Deaths caused by ketamine have increased twenty-fold since 2015, according to a study published in the Journal of Psychopharmacology. However, worryingly, these deaths are increasingly occurring with multiple drugs, raising doubts over whether single-substance drug policies can reduce harms.
A team of researchers from King’s College London analysed cause of death in England, Wales and Northern Ireland between 1999 and 2024 and found 696 deaths caused by ketamine between 1999 and 2024. This is the most detailed assessment to date of ketamine-related deaths in England, Wales, and Northern Ireland to date.
Ketamine is a Class B anaesthetic drug with hallucinogenic effects. Its low cost — around £15-30 for a gram compared to £80 for cocaine —could be driving increased consumption. The number of people using ketamine in the UK has been growing, with an estimated 299,000 people aged 16-59 reporting illicit ketamine use in 2024. This drug has been implicated in the deaths of many celebrities, and Elon Musk is reported to use ketamine to help with his moods.
Worryingly, the authors found that while the annual number of deaths with ketamine has risen over the past years, the proportion of deaths with only ketamine has decreased. Nowadays, users prefer multiple drugs, which is more dangerous. For example, opioids, cocaine, benzodiazepines, and gabapentinoids have been frequently co-implicated in deaths, with the average number of substances involved in each case also rising.
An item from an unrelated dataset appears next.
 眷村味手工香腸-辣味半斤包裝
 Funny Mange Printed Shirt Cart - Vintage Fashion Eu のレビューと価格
The problem is that mixing ketamine with depressant drugs like opioids and benzodiazepines makes it harder to judge the effect each drug is having, which can result in people taking more than intended.
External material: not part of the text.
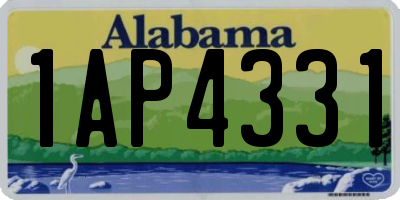 AL license plate 1AP4331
The team also spotted a demographic shift. Traditionally, this has been a drug used by young people, but now deaths are increasingly occurring among older, socioeconomically disadvantaged, and dependent drug users, rather than being confined to younger recreational populations.
“We are seeing more ketamine-related deaths, but these deaths rarely involve ketamine alone. They are increasingly part of complex polydrug use patterns, often among people facing social disadvantage and entrenched drug dependence. This means single-drug policies, such as reclassification, are unlikely to tackle the real drivers of harm,” said Dr Caroline Copeland, lead author of the study from King’s College London and the Director of the National Programme on Substance Use Mortality.
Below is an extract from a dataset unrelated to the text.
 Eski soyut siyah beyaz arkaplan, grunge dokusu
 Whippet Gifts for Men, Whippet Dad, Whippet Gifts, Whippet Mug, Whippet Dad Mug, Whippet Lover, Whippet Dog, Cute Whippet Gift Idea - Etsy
The authors call for a more comprehensive way to deal with ketamine users, including better overdose prevention schemes, better integration of ketamine users into treatment pathways, and targeted education on the risks of polydrug use.
“Illicit ketamine use has moved beyond the recreational setting. To reduce deaths, we need harm reduction, treatment, and social support strategies that reflect the realities of polydrug use – not just legislative changes focused on one substance,” concluded Dr Copeland.
Pullen J, Corkery JM, McKnight R, Copeland CS. Deaths following illicit ketamine use in England, Wales and Northern Ireland 1999-2024: An update report to inform the reclassification debate. J Psychopharmacol. 2025 Sep 29:2698811251373058.